◆ WHAT THE TASK ASKS: Restate word for word the lines of the material below, from the line with "Jogo do erro: Teste" to the line with "Longe Norton marron", both lines included, and no others.

◆ DATASET:

================================

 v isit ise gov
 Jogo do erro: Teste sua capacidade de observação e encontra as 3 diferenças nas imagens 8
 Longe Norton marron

================================

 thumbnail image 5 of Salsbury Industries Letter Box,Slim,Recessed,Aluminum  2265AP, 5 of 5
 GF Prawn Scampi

================================

◆ THE COMPLETED TASK:
 Jogo do erro: Teste sua capacidade de observação e encontra as 3 diferenças nas imagens 8
 Longe Norton marron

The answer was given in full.